Every picture should be left out, but the lines below must be repeated exactly.

* STORED DATA:
_ _ _
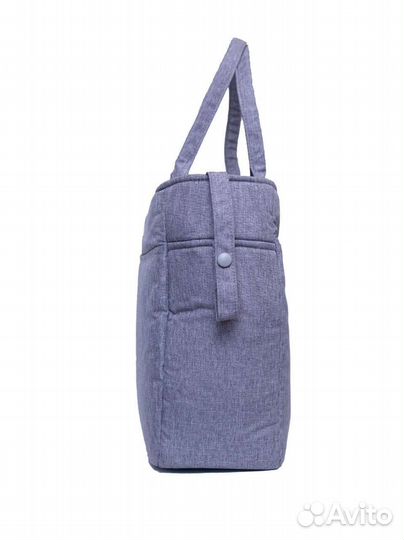 Сумка на коляску для мамы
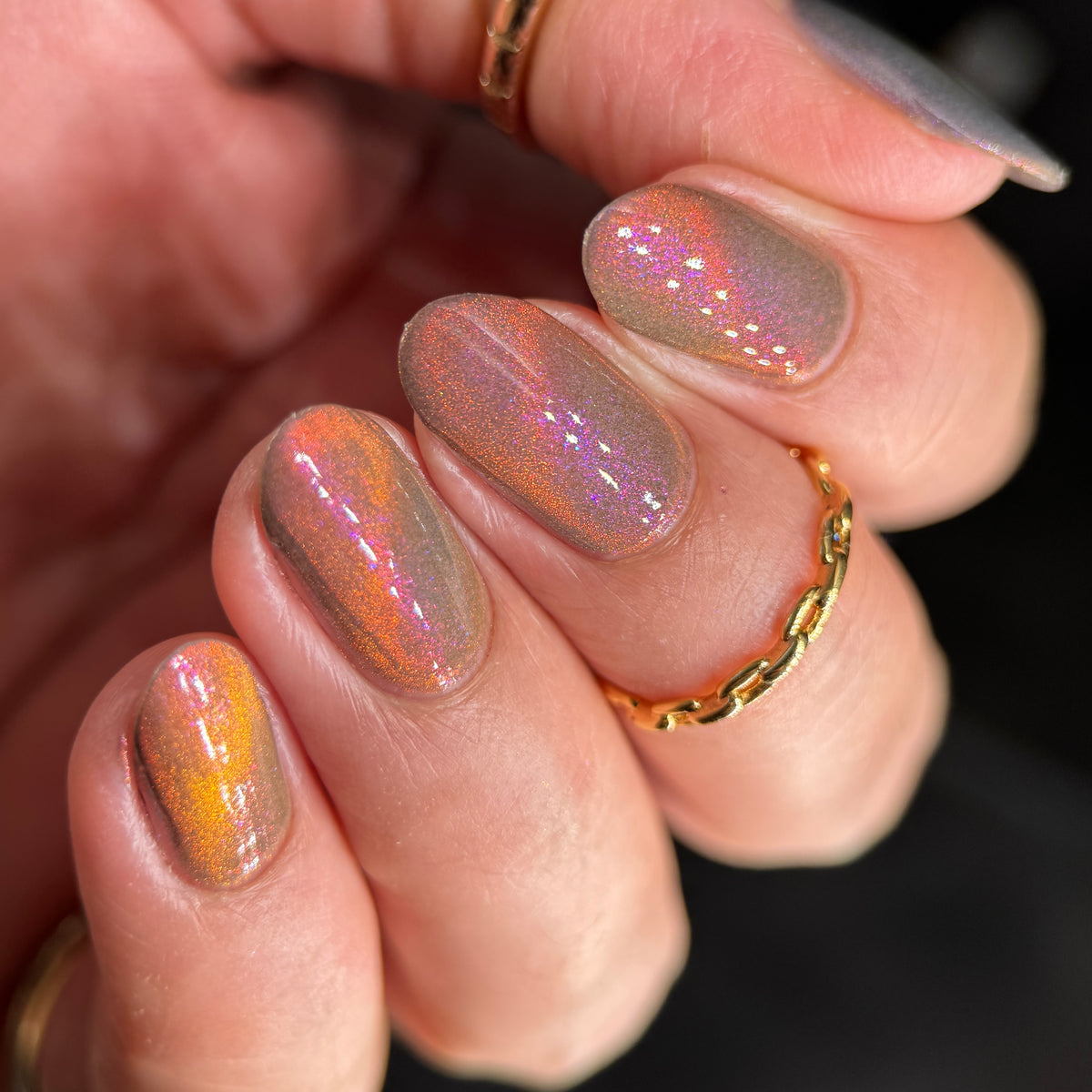 Phoenix- Interstellar- Murphy&#39;s Law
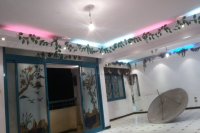 بيع عقارات ومبانى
_ _ _
* RESPONSE:
 Сумка на коляску для мамы
 Phoenix- Interstellar- Murphy&#39;s Law
 بيع عقارات ومبانى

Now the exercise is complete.